Der beste Teil? Ketone schützen nicht nur Ihren Körper vor Entzündungen, sondern auch Ihre Gehirnzellen. Die Wissenschaft sagt, dass Ihr Gehirn verwenden kann Beta-Hydroxybutyrat (BHB), der Hauptketonkörper, effektiver als Glukose. Ketone steigern also die geistige Leistungsfähigkeit, Aufmerksamkeit und das Gedächtnis. Sie verbannen auch Gehirnnebel. Und niedrigere Entzündungsniveaus können Ihrem Körper helfen, die Temperatur besser zu regulieren, um Hitzewallungen zu vermeiden.

Das letzte Wort

Ist die Ketodiät gut für die Wechseljahre? Der Zusammenhang zwischen Keto als Hilfe bei Wechseljahrsbeschwerden scheint ziemlich klar zu sein.
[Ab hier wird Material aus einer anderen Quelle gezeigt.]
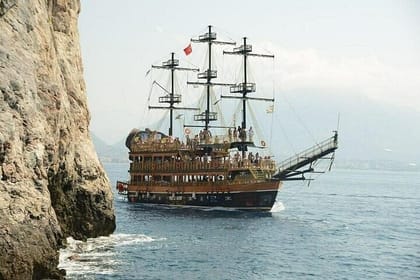 Antalya Pirate Boat Tour with Foam Party Soft Drinks & Transfer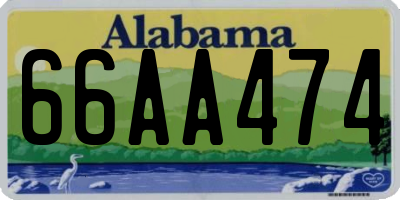 AL license plate 66AA474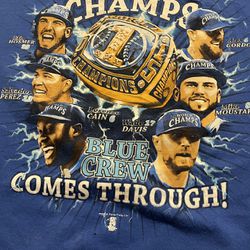 Kansas City Royals 2015 World Series Champions 'The Ring' T-Shirt men's XL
Wenn Sie Ihre tägliche Kohlenhydrataufnahme senken, kann dies den Hormonhaushalt wiederherstellen und die Insulinfunktion verbessern. Diese Gewinnkombination kann Ihnen helfen, die Waage endlich zu bewegen und sich wacher zu fühlen.

Aber Sie werden nur dann die Vorteile einer ketogenen Diät ernten, wenn Sie tatsächlich an Ketose leiden. Sprechen Sie also mit Ihrem Arzt über den Beginn des Ketos zur Linderung der Wechseljahre. Und Testen Sie Ihre Ketonspiegel oft, um sicherzustellen, dass Sie diesen Stoffwechselzustand beibehalten.